Brief:
What is needed is the full set of records, word for word, with no pictures.

Records for the task:
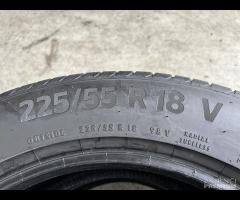 2 Gomme 225/55 R18 Continental estive 85% residui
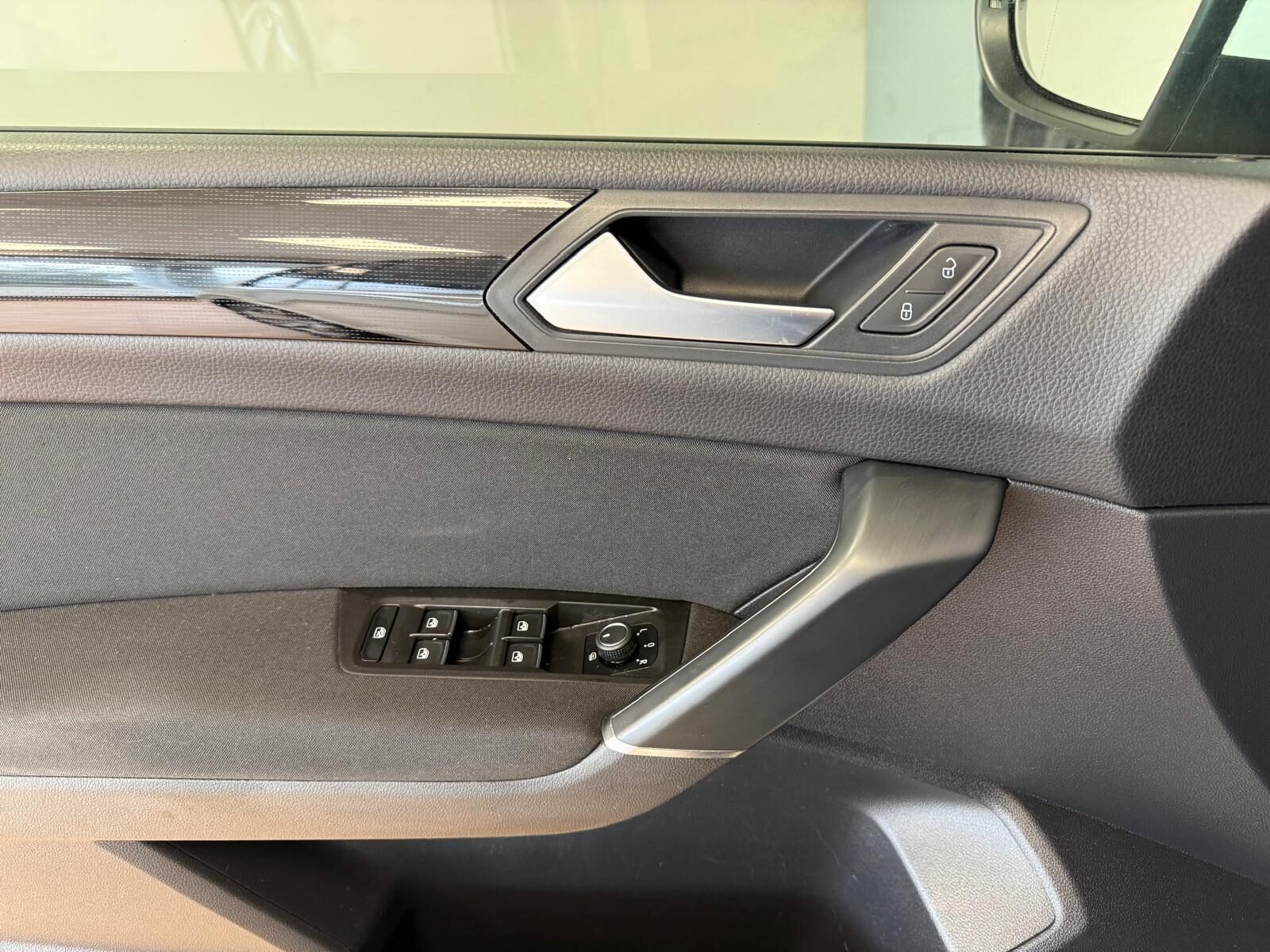 VOLKSWAGEN TOURAN 2.0 TDI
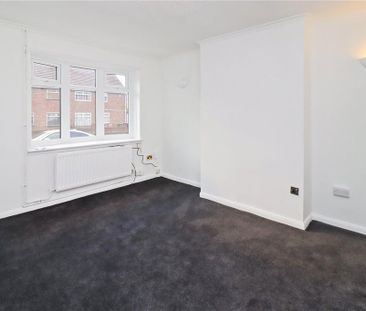 2 bedroom semi-detached house to rent - Photo 2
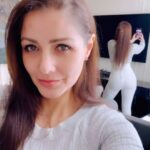 Nana Gouvea Instagram - Let’s go to work? 🩵🤍🩶 Bora trabalhar? 🩵🤍🩶 #nanagouvea #workworkwork #outfitoftheday #lovewhite #whiteoutfit #winteroutfit #getitgirl #beauty #gorgeous #goddess #beleza #linda #deusa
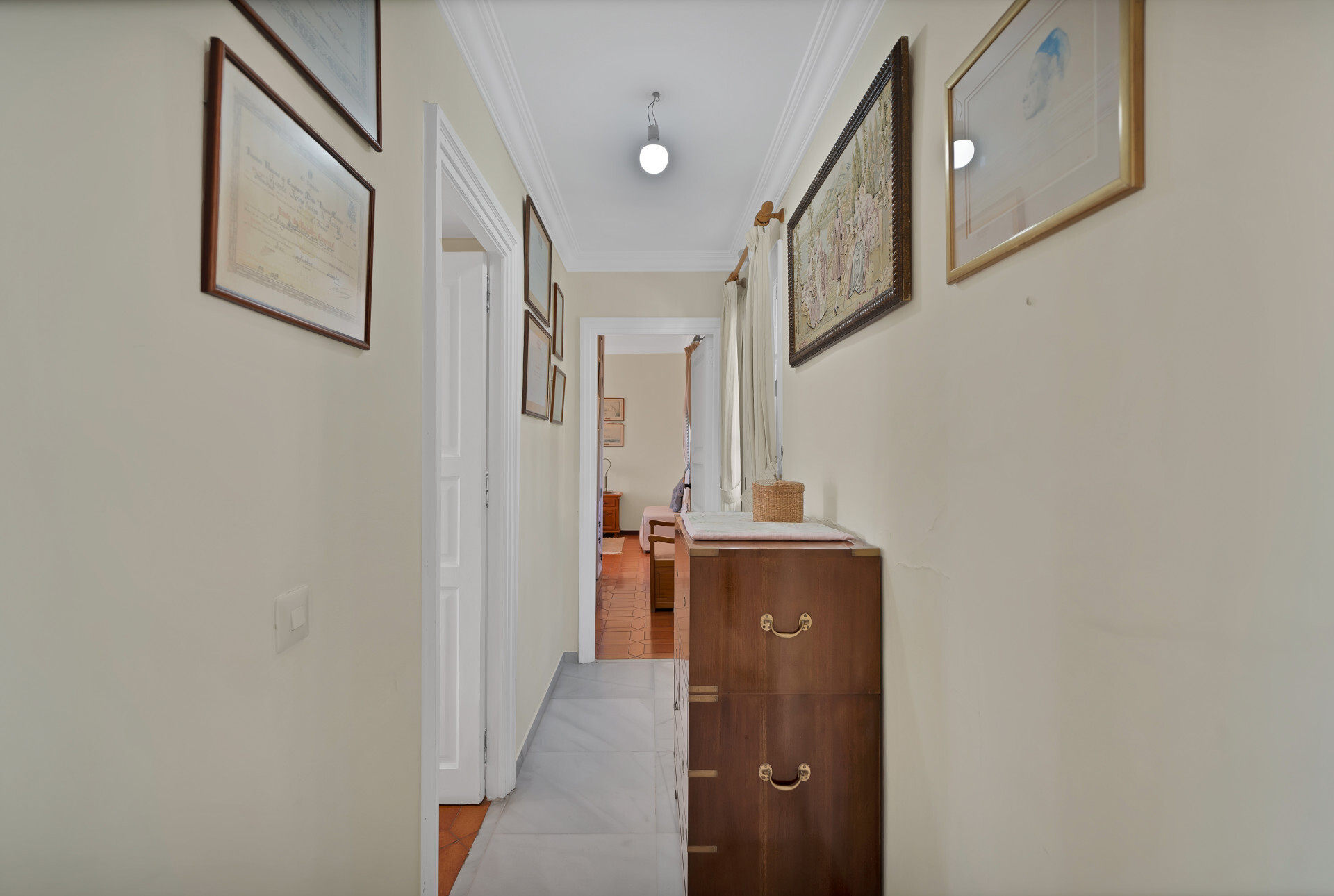 Nueva en el mercado, Exclusiva: Villa independiente en venta en Nueva Andalucía, Marbella ? Ubicación privilegiada y vistas al mar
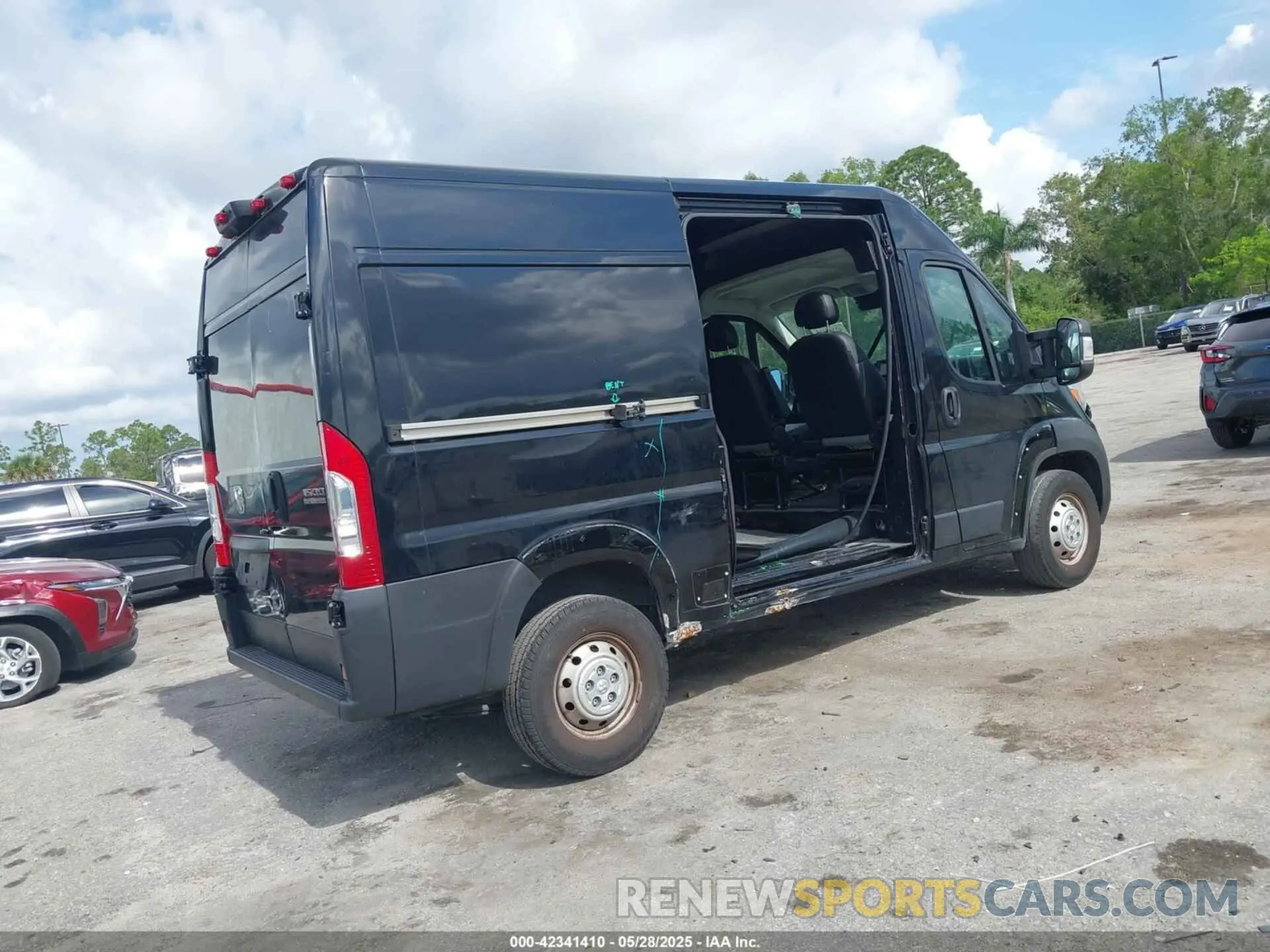 4 Photograph of a damaged car 3C6LRVBG6PE503499 RAM PROMASTER 1500 2023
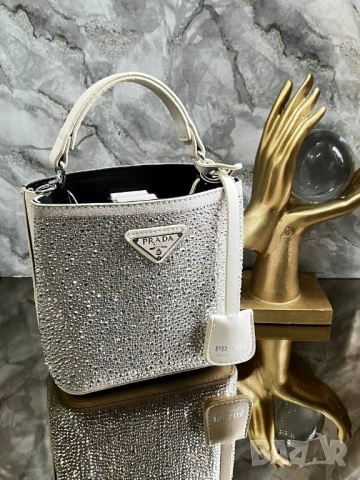 чанти с камъни prada , снимка 8 - Чанти - 50672077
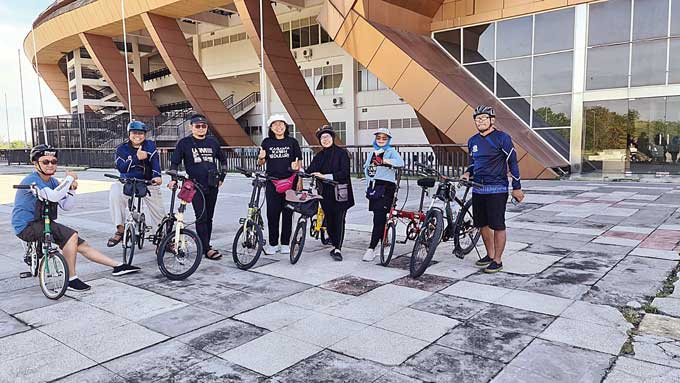 Anggota komunitas Kagama Riau Gowes foto bersama usai gowes di Stadion Utama Riau, beberapa waktu lalu.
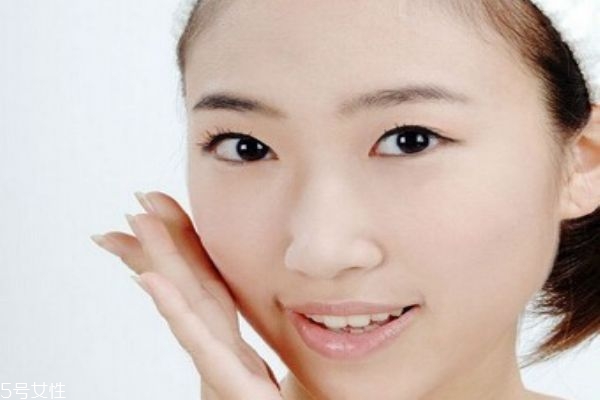 鼻子上长黑头怎么消除,鼻子上的黑头怎么去掉? 鼻子上长黑头怎么消除,鼻子上的黑头怎么去掉?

Worked solution:
 2 Gomme 225/55 R18 Continental estive 85% residui
 VOLKSWAGEN TOURAN 2.0 TDI
 2 bedroom semi-detached house to rent - Photo 2
 Nana Gouvea Instagram - Let’s go to work? 🩵🤍🩶 Bora trabalhar? 🩵🤍🩶 #nanagouvea #workworkwork #outfitoftheday #lovewhite #whiteoutfit #winteroutfit #getitgirl #beauty #gorgeous #goddess #beleza #linda #deusa
 Nueva en el mercado, Exclusiva: Villa independiente en venta en Nueva Andalucía, Marbella ? Ubicación privilegiada y vistas al mar
 4 Photograph of a damaged car 3C6LRVBG6PE503499 RAM PROMASTER 1500 2023
 чанти с камъни prada , снимка 8 - Чанти - 50672077
 Anggota komunitas Kagama Riau Gowes foto bersama usai gowes di Stadion Utama Riau, beberapa waktu lalu.
 鼻子上长黑头怎么消除,鼻子上的黑头怎么去掉? 鼻子上长黑头怎么消除,鼻子上的黑头怎么去掉?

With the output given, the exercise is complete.